Facts about the fee for not having health insurance in 2016

I believe all families deserve the peace of mind and financial security that comes with access to quality and affordable health care coverage.

David Sayen

David Sayen

No family should live in fear that an unexpected illness or accident could throw them into financial turmoil. All people deserve to know they can fill their prescriptions, take their children to the doctor, and get care to stay healthy when they need it.

The good news is that affordable coverage through HealthCare.gov is available. With financial assistance, 7 out of 10 people can find plans with premiums of less than $75 per month.

My priority is to make sure families are informed about the options available to them. That includes making sure people know that having health insurance is now the law. If you can afford health insurance but choose to not enroll for 2016, you may be required to pay a fee when you file your 2016 federal income taxes.

Your best option is to visit HealthCare.gov, learn about the tax credits you may be eligible for, and enroll in a health plan that meets your needs, rather than risk going without insurance and paying a fee.
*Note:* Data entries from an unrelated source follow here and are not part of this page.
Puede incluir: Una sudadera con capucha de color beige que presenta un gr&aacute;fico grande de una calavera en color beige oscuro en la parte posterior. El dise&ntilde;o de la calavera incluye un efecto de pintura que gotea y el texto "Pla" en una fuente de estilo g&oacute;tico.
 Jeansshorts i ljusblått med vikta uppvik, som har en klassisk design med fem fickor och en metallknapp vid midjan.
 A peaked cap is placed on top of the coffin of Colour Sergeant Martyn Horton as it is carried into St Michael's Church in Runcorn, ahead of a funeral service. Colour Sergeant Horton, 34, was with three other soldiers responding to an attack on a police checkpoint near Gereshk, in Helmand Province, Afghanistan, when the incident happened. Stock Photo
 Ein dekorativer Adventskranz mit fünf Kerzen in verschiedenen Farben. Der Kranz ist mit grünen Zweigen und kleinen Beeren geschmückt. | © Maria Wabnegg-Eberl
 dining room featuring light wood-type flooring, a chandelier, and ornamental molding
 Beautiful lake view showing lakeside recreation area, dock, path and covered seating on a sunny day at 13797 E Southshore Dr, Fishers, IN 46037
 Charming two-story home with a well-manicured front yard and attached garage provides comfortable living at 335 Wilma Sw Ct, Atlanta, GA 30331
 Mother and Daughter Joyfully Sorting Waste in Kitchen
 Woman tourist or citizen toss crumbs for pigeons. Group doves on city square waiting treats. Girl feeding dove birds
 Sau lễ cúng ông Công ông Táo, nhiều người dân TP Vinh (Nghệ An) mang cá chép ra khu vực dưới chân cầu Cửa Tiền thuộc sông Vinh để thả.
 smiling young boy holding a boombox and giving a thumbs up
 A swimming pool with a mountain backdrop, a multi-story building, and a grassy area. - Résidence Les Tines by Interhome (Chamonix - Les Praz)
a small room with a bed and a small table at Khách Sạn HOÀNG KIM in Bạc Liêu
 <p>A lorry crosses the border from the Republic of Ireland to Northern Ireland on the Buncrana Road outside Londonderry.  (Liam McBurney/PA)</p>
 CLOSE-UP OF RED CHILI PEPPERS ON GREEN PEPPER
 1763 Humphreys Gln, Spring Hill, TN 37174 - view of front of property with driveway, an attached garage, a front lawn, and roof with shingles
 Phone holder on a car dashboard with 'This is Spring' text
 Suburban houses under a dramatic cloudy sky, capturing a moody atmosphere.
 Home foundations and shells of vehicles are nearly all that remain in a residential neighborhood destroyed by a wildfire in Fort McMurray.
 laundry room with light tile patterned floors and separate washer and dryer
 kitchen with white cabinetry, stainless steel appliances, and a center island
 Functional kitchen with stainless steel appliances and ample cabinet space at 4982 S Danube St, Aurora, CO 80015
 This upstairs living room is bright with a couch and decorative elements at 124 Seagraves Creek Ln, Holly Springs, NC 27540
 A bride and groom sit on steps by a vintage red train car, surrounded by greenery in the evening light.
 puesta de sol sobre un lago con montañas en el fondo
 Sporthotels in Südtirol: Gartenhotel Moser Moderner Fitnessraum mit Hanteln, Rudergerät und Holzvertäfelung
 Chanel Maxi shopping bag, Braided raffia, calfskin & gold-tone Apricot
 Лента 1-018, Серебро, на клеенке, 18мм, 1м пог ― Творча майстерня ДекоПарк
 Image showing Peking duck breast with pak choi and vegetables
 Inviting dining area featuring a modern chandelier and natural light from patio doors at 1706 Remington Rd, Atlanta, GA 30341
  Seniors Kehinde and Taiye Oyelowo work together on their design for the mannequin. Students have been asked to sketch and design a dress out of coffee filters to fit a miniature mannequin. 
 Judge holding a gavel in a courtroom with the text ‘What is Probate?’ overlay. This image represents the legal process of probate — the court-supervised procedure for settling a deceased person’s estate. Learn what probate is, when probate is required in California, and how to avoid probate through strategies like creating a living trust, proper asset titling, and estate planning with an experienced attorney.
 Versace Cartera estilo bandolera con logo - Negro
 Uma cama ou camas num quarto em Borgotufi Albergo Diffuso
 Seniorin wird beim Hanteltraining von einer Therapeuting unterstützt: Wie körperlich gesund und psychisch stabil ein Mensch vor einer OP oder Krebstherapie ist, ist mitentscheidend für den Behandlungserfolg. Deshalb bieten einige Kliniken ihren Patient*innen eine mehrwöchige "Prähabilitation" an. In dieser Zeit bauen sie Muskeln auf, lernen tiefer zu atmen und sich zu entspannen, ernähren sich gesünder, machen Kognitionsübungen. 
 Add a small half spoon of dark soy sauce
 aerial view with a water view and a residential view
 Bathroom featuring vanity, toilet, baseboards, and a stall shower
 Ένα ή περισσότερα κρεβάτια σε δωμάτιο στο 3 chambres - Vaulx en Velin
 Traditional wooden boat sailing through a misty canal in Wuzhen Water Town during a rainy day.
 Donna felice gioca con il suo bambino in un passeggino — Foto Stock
Here are facts about the fee:

1. The fee is calculated one of two different ways, depending on your situation. The fee for not having health insurance if you can afford it is calculated either as a percentage of your annual household income or a set amount for each person in your household who doesn’t have coverage. When you file your federal income taxes, if you are uninsured for more than three months despite having access to affordable coverage, you’ll be required to pay whichever amount is higher. Resources on HealthCare.gov will help you estimate the fee you’ll have to pay if you forgo insurance.

2. The fee is increasing. For 2016, the fee you’ll have to pay if you choose to go without health insurance will rise to $695 per uninsured adult or 2.5 percent of your household income — whichever is higher. For many people, that’s more than the yearly cost of affordable plans they can find on HealthCare.gov. Generally, the higher your income, the higher the fee you will have to pay.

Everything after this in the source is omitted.